• **TASK**
Below is a listing; repeat exactly the lines from the one containing "An 19thC or" to the one containing "a view of a", both included.
[[ SUPPLIED RECORDS, beginning ]]
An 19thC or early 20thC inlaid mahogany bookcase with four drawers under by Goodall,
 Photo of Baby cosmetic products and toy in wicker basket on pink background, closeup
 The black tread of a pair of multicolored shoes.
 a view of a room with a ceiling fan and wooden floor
[[ SUPPLIED RECORDS, end ]]
[[ SUPPLIED RECORDS, beginning ]]
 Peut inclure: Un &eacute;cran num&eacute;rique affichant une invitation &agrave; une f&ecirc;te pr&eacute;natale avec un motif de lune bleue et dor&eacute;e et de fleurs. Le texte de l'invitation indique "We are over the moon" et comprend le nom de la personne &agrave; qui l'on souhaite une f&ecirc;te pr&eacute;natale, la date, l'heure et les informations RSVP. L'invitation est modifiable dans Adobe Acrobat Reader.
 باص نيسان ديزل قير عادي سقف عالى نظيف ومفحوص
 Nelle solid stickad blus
[[ SUPPLIED RECORDS, end ]]
• **COMPLETED TASK**
An 19thC or early 20thC inlaid mahogany bookcase with four drawers under by Goodall,
 Photo of Baby cosmetic products and toy in wicker basket on pink background, closeup
 The black tread of a pair of multicolored shoes.
 a view of a room with a ceiling fan and wooden floor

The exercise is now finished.